▶ What you have to do
Every line of the listing below from the one with "تصویر سنگ حرم" up to and including the one with "Картинка споки ноки зайка!" should be retyped exactly, and nothing else; pictures are not part of the copy.

▶ Working data
....................

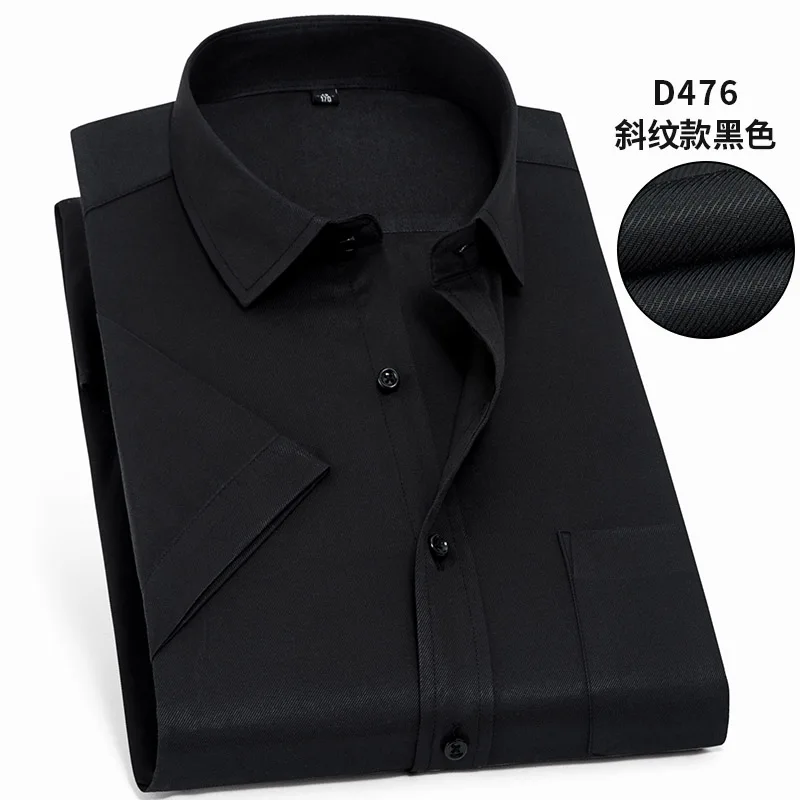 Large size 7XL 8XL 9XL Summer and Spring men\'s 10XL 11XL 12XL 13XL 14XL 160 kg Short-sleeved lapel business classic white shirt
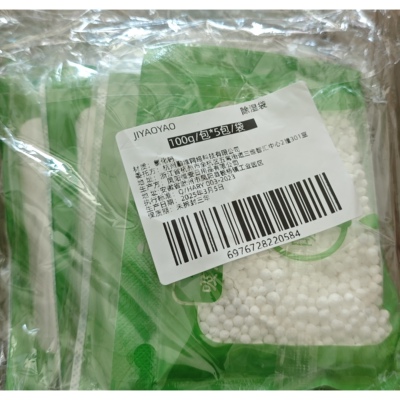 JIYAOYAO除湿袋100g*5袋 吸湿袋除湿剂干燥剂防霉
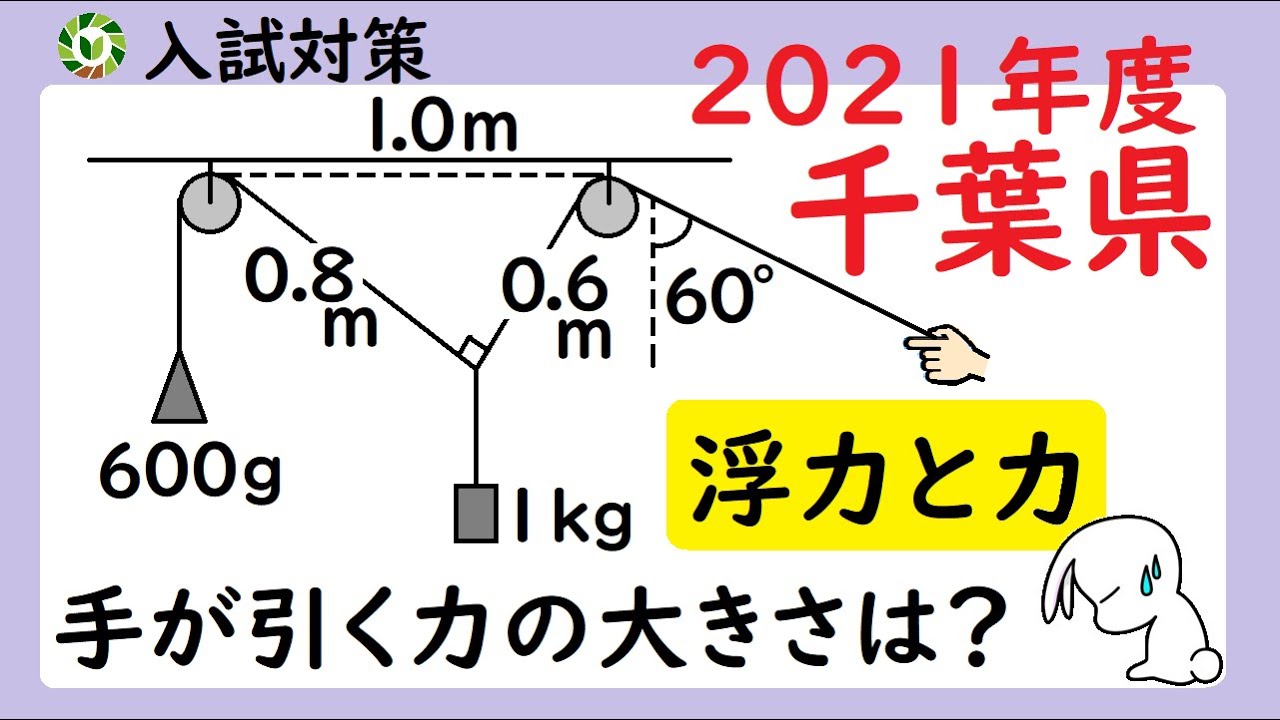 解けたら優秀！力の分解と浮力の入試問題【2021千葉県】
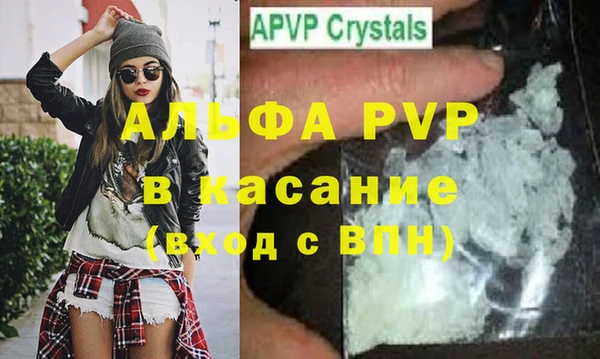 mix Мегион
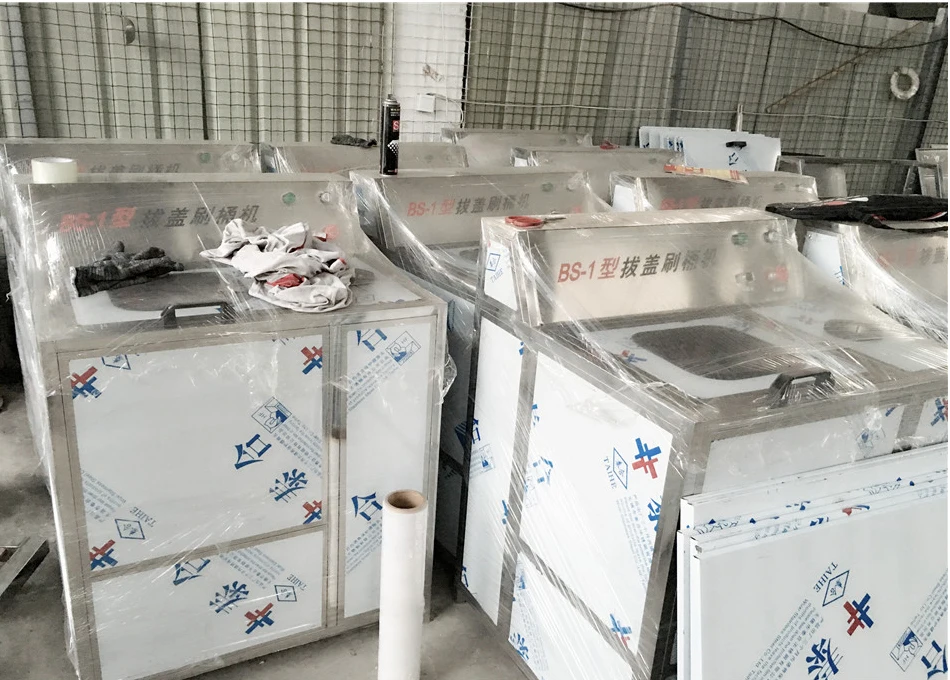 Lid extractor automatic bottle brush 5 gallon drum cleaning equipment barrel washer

....................

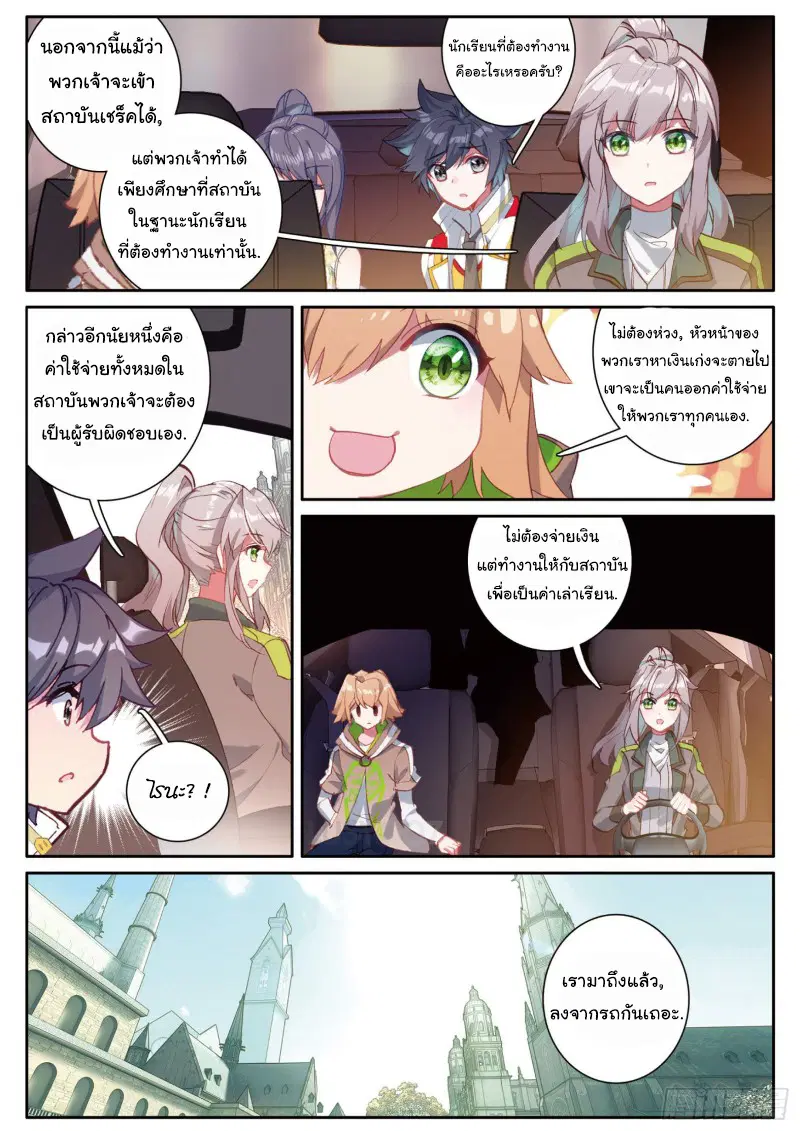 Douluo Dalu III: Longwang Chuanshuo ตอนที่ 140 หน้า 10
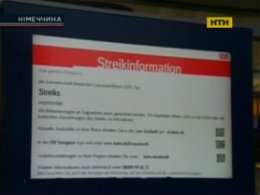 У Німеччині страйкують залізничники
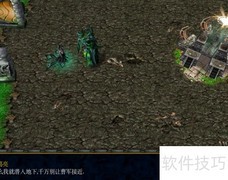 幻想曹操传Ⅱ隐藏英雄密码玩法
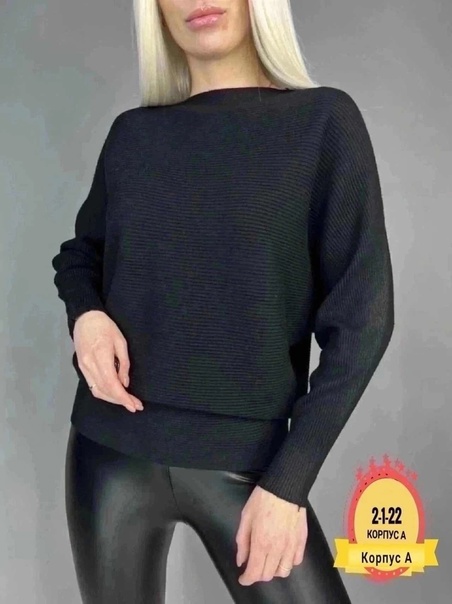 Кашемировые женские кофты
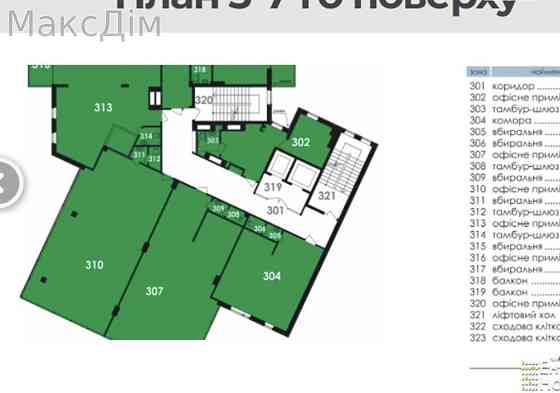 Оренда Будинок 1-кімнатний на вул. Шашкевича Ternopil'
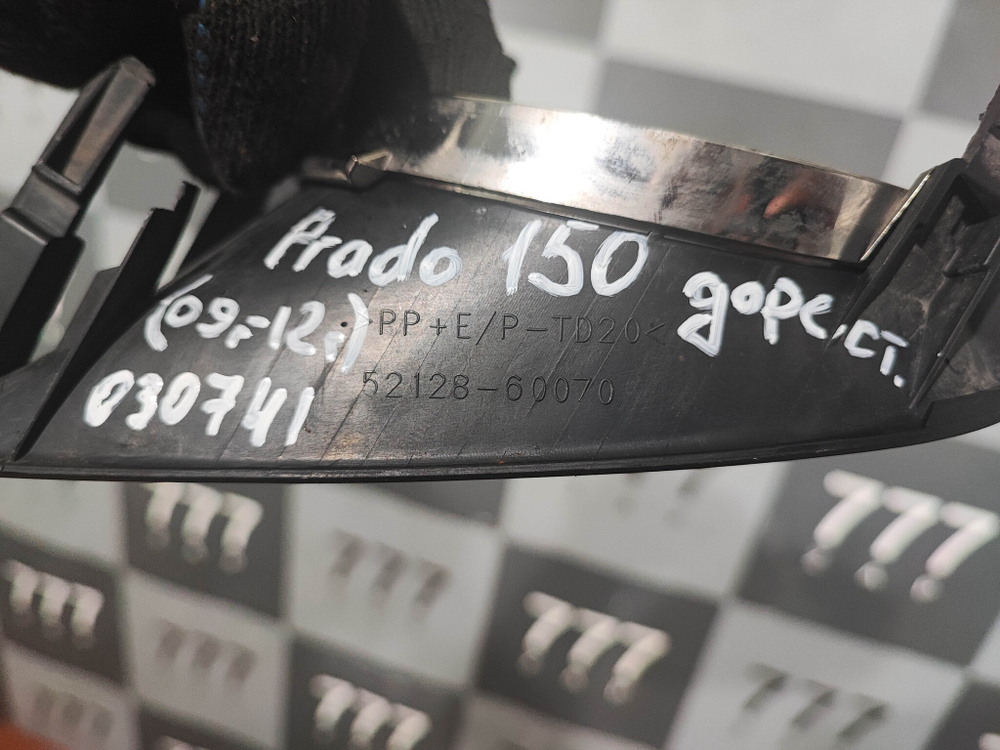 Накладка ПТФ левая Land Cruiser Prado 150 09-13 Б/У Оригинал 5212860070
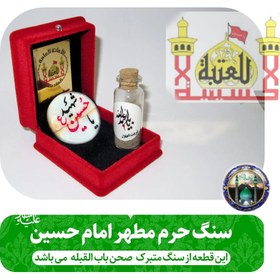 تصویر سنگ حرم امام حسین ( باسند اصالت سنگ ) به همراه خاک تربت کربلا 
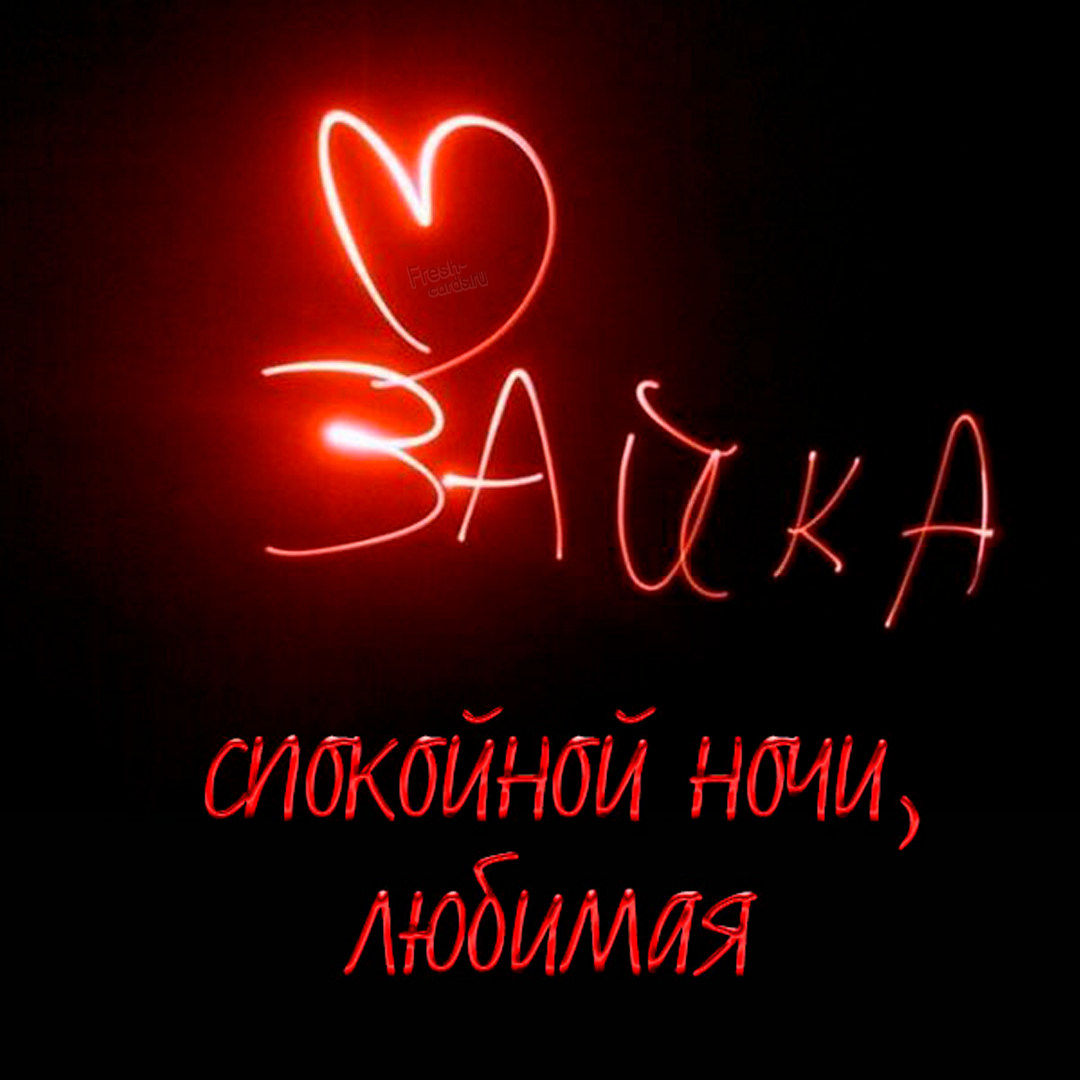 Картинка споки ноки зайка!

....................

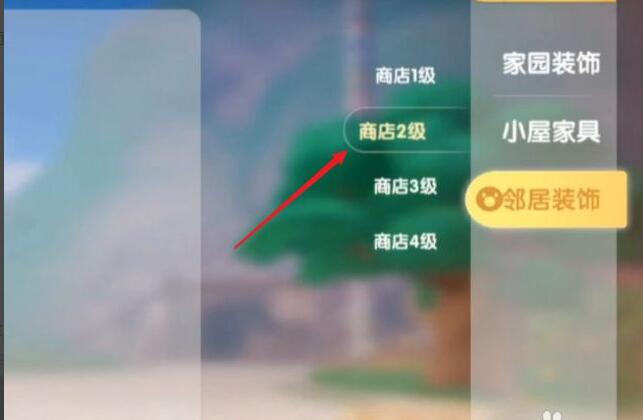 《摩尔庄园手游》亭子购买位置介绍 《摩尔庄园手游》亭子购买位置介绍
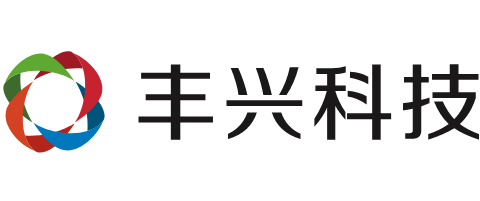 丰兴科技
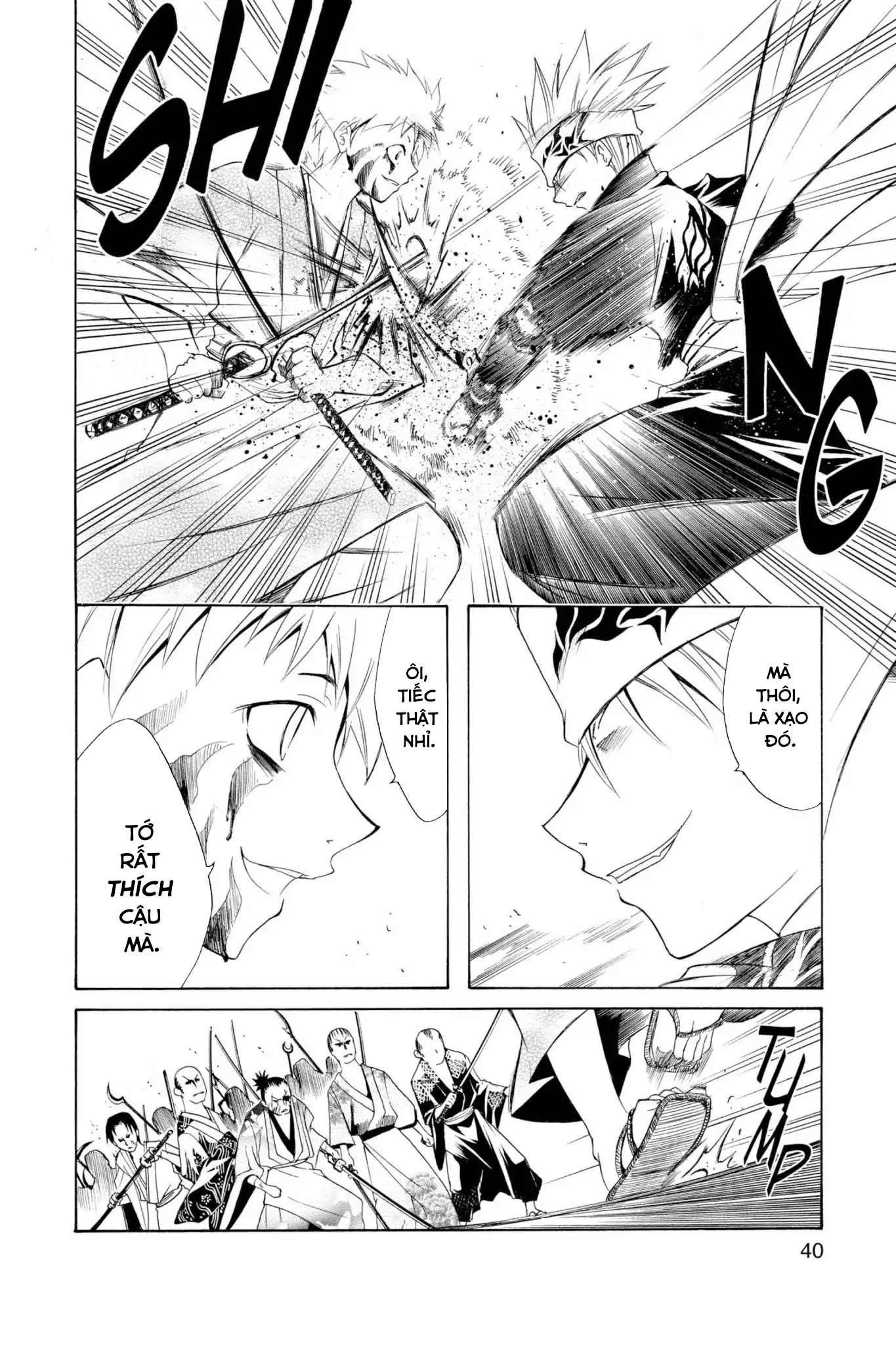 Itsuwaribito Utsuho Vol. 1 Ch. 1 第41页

....................

▶ Exercise response
 تصویر سنگ حرم امام حسین ( باسند اصالت سنگ ) به همراه خاک تربت کربلا 
 Картинка споки ноки зайка!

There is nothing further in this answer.